Di masa DPR Hasil Pemilu 1959 berdasarkan UUD 1945(1959-1965).Jumlah anggota terdapat 262 orang kembali aktif setelah mengangkat sumpah. Dalam DPR terdapat 19 fraksi, dimana didominasi oleh : PNI, Masyumi, NU, dan PKI. Dengan lahirnya Penpres No. 3 tahun 1960, Presiden membubarkan DPR karena DPR hanya menyetujui 36 milyar rupiah APBN dari 44 milyar yang diajukan. Sehubungan dengan hal tersebut, presiden mengeluarkan Penpres No. 4 tahun 1960 yang mengatur Susunan DPR-GR(DPR-Gotong Royong).
DPR-GR beranggotakan 283 orang yang semuanya diangkat oleh Presiden dengan Keppres No. 156 tahun 1960. Adapun salah satu kewajiban pimpinan DPR-GR adalah memberikan laporan kepada Presiden pada waktu-waktu tertentu, yang mana menyimpang dari pasal 5, 20, 21 UUD 1945. Selama 1960-1965, DPR-GR menghasilkan 117 UU dan 26 usul pernyataan pendapat[20]. Pada masa DPR Gotong Royong tanpa Partai Komunis Indonesia (1965-1966). Dimana setelah peristiwa G.30.S/PKI, DPR-GR membekukan sementara 62 orang anggota DPR-GR eks PKI dan ormas-ormasnya. DPR-GR tanpa PKI dalam masa kerjanya 1 tahun, telah mengalami 4 kali perubahan komposisi pimpinan, yaitu: a. Periode 15 November 1965-26 Februari 1966. b. Periode 26 Februari 1966-2 Mei 1966. c. Periode 2 Mei 1966-16 Mei 1966. d. Periode 17 Mei 1966-19 November 1966. Secara hukum, kedudukan pimpinan DPR-GR masih berstatus sebagai pembantu Presiden sepanjang Peraturan Presiden No. 32 tahun 1964 belum dicabut.

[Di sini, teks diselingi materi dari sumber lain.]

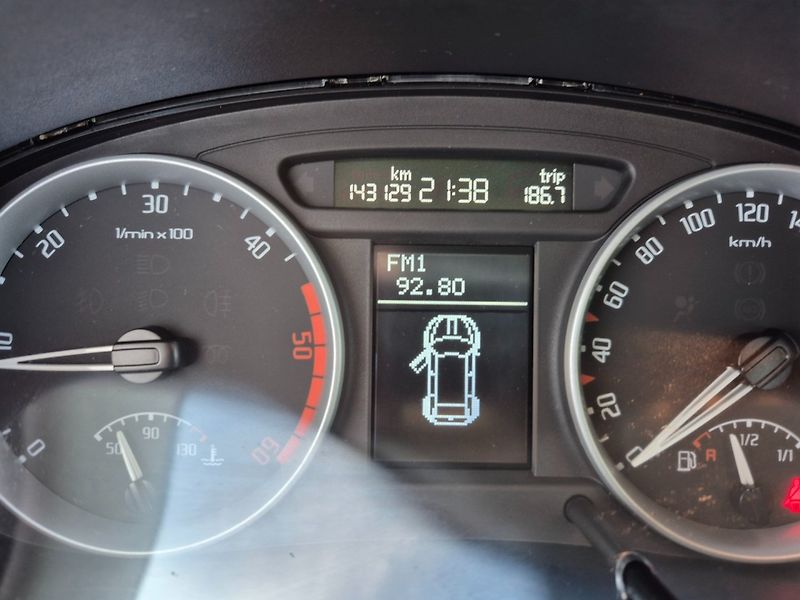 Škoda Fabia (2008) 1.9 TDI ROZVODY TOP - fotka 19 z 35
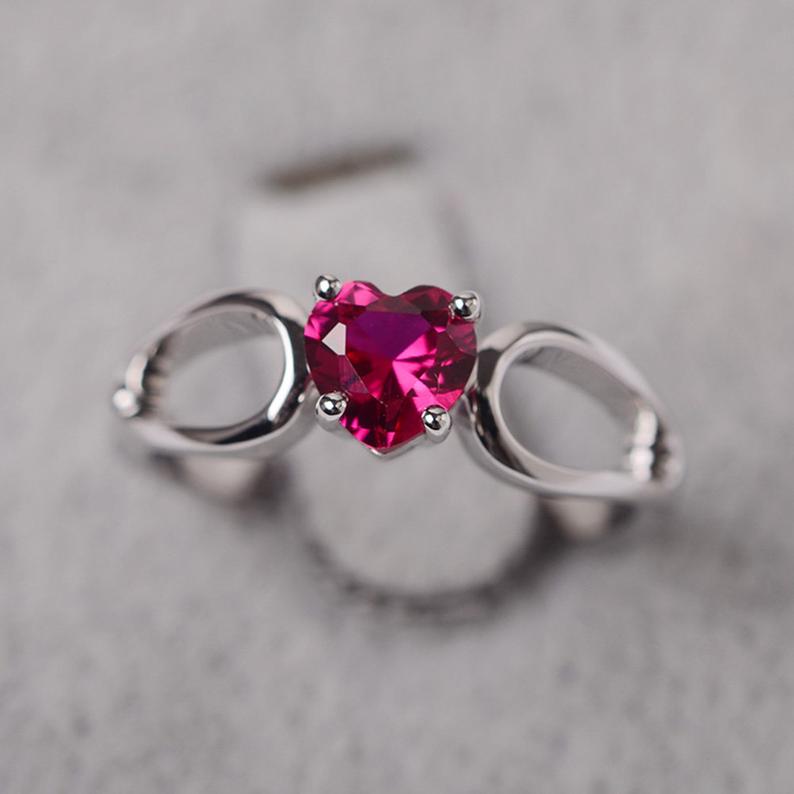 1.00 Ct Heart Cut Pink Ruby Solitaire Promise Ring In 925 Sterling Silver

Dalam rangka menanggapi situasi masa transisi, DPR-GR memutuskan untuk membentuk 2 buah panitia:
a) Panitia politik, berfungsi mengikuti perkembangan dalam berbagai masalah bidang politik.
b) Panitia ekonomi, keuangan dan pembangunan, bertugas memonitor situasi ekonomi dan keuangan serta membuat konsepsi tentang pokok-pokok pemikiran ke arah pemecahannya.
Berdasarkan Ketetapan MPRS No. XX/MPRS/1966, yang kemudian dikukuhkan dalam UU No. 10/1966, maka DPR-GR Masa Orde Baru memulai kerjanya dengan menyesuaikan diri dari Orde Lama ke Orde Baru. Kedudukan, tugas dan wewenang DPR-GR 1966-1971 yang bertanggung jawab dan berwewenang untuk menjalankan tugas-tugas utama sebagai berikut:
· Bersama-sama dengan pemerintah menetapkan APBN sesuai dengan pasal 23 ayat 1 UUD 1945 beserta penjelasannya.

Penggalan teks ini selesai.